_Work to complete_
Without the pictures, can you quote each line below exactly?

_Information supplied_
►

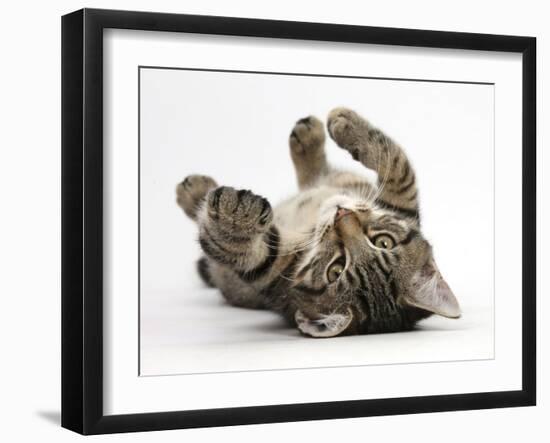 Tabby Male Kitten, Fosset, 3 Months Old, Rolling Playfully on His Back-Mark Taylor-Framed Photographic Print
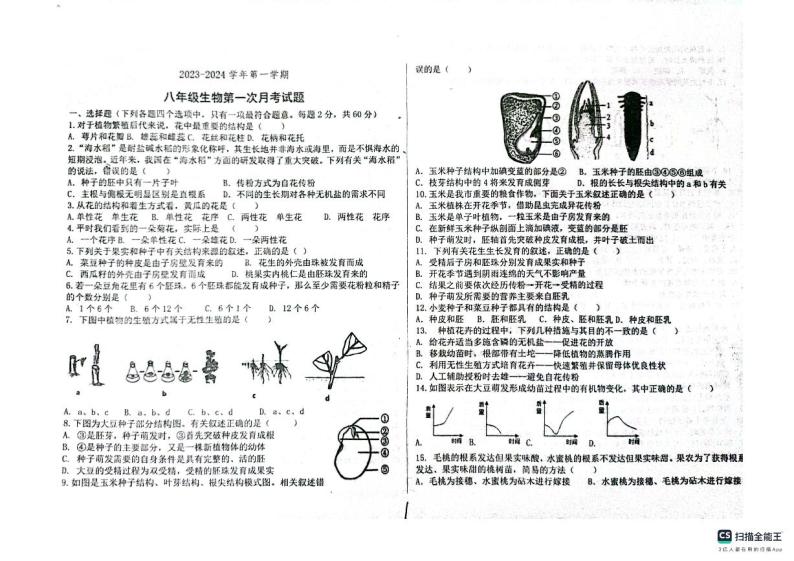 山东省德州市宁津县育新中学2023-2024学年八年级上学期10月月考生物试题01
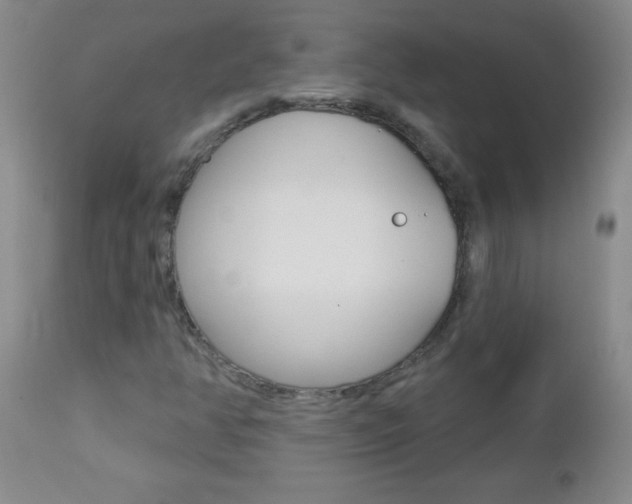 X0000112461350200908171006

◄

_Exercise solution_
 Tabby Male Kitten, Fosset, 3 Months Old, Rolling Playfully on His Back-Mark Taylor-Framed Photographic Print
 山东省德州市宁津县育新中学2023-2024学年八年级上学期10月月考生物试题01
 X0000112461350200908171006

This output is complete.